Gabonese football is characteristically tough, physically strong, not particularly pleasing on the eye and typically a counter-attacking style of play with a low goal tally (the top scorer in the league scored just 12 goals throughout the competition). With an over reliance on long balls, there is little midfield participation.
The prototype of the Gabonese footballer is a player with excellent stamina, physically strong, good physique, quick and agile. Undoubtedly, African players tend to be strong and quick: characteristics that are decisive in the modern game.
Of course, the Gabonese competition is not at the same level as other African leagues, such as Egypt, Tunisia and South Africa; but in sporting terms there are some very interesting players in the national team squad.
It is a league comprised of local players or players from nearby countries such as Cameroon, Congo, and severa Central African states - although since its professionalization its appeal has grown and it now incorporates players from Brazil, Portugal or France.

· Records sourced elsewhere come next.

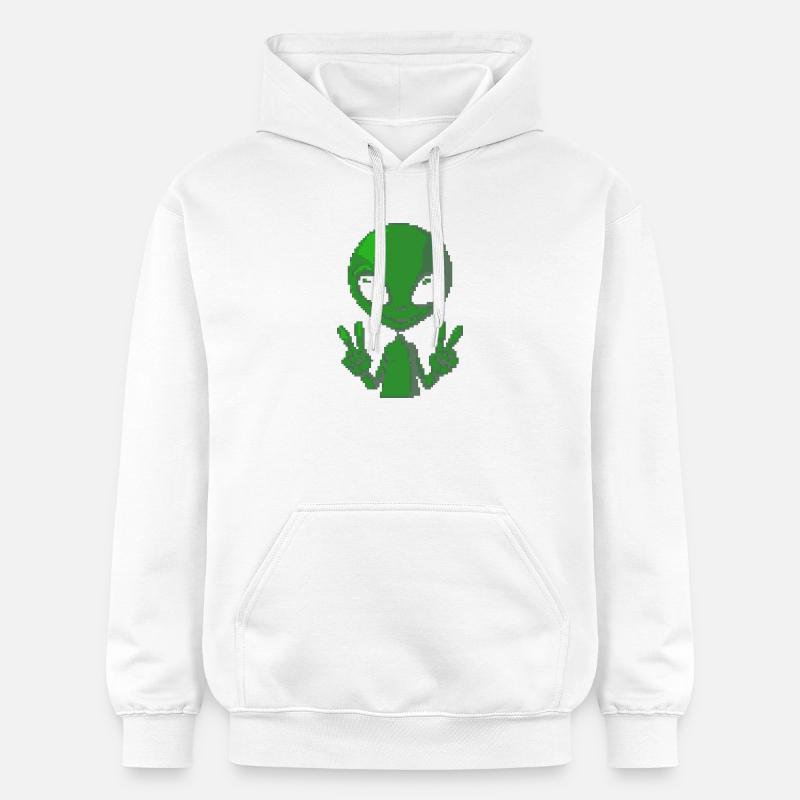 Signe de paix extraterrestre Pixel - Sweat à capuche Softstyle® Gildan Unisexe - blanc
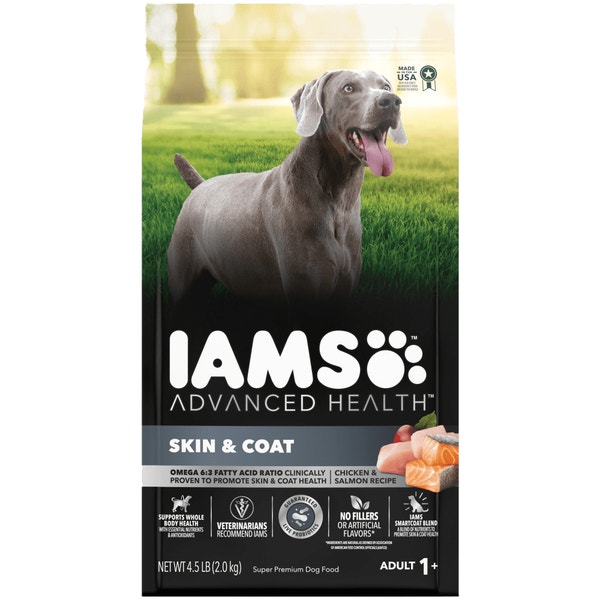 IAMS ADVANCED HEALTH Skin & Coat Chicken and Salmon Recipe Adult Dry Dog Food, 4.5 lb bag image 1
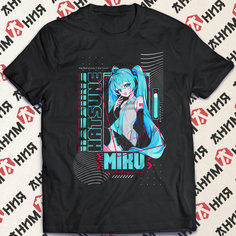 Футболка Футболка Хатсуне Мику, Вокалоид, Hatsune Miku, размер 2XS, чepный Анимания Brand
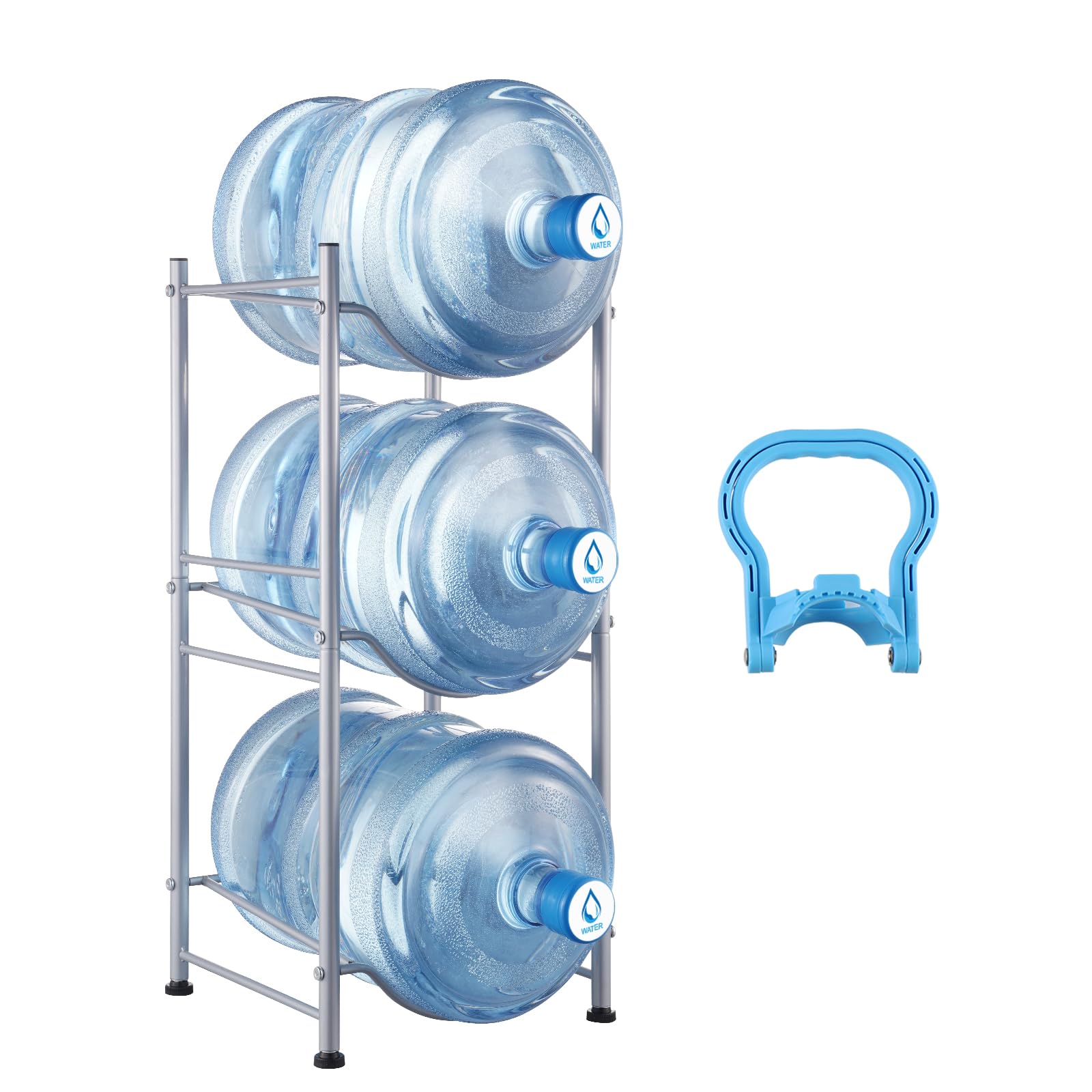VEVOR in Ferro a 3 Livelli per Acqua in Bottiglia per 3 Bottiglie, 18,9 L, per 3 Bottiglie, Resistente per Cucina Ufficio Soggiorno Argento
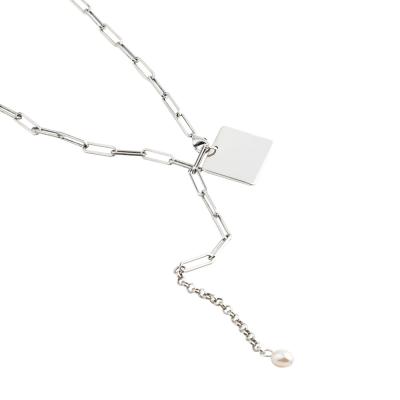 China Pure New Design Fashion s925 Sterling Silver Necklace Pendant Simple Vintage Silver Necklace Pearl Jewelry Ornament Long Chains for sale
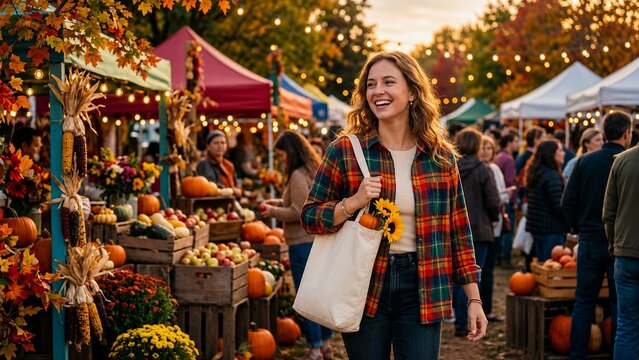 Smiling young woman shopping at an outdoor autumn farmers market with pumpkins and fall harvest during golden hour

Development stage and youth Football
As in most African countries there is a major problem within youth football that is, in my opinion, a consequence of a wrongful perception of what is the purpose of football at the development level where, unfortunately, the main objective is to win rather than develop.
In junior leagues it is common to see children of 12 years old competing with 15 or 16 year olds: where the 3 or 4 year age gap entails a degree of physical risk, not to mention being totally unfair at a competitive level.
The first step towards improving standards is to aim for improving the training of coaches in Gabon, opening their minds to new methodologies, understand that a coach is not just a labourer, but someone who has a great potential for development in his hands and that that his job is not only to win games but to accept responsibility as "coach-educator". This mis-management of football at junior levels has a negative long-term impact upon all professional levels and the national team beyond that.
There are many bad habits in African football, especially at junior levels but it has retained something that the European game has lost: the characteristics of street football: "I want to beat my friend, because I am better than him."
Children are the future and taking care of the game at youth level guarantees improvement and, consequently, brings success.
Aspects that can increase the level of African football
There is plenty of potential, but it remains largely untapped: wasted by a lack of professionalism, the training of coaches and the application of methodologies and general organization.
There are elements that I feel should be taken into account to improve the level of African football that accords with the potential and room for improvement shown by the players, including:
- Learning to protect the ball, retain posession and encourage players to use movement to make themselves available for team mates.
- Stop playing long, speculative balls as the only means of attack that lacks structure and purpose. You have to make sense of attacking football and you do so by alternating between the long and short game.
- Alter the tempo of the game and progress judiciously.
- Teach decision making and encourage players to make the right decisions to create smart players able to make the right decisions at the right time.
- Teach quality finishing, despite the fact that there are players who possess this innate talent, it is a very important factor to improve a team’s effectiveness in the final few metres and is often the decisive factor in a game, regardless of the overall performance of the tea.
- Training and teaching of tactical intelligence, giving the player the necessary skills and training for real-game situations. This means asking players to make decisions accordingly - both individually and collectively - and really getting them to know how to make the right call in any situation.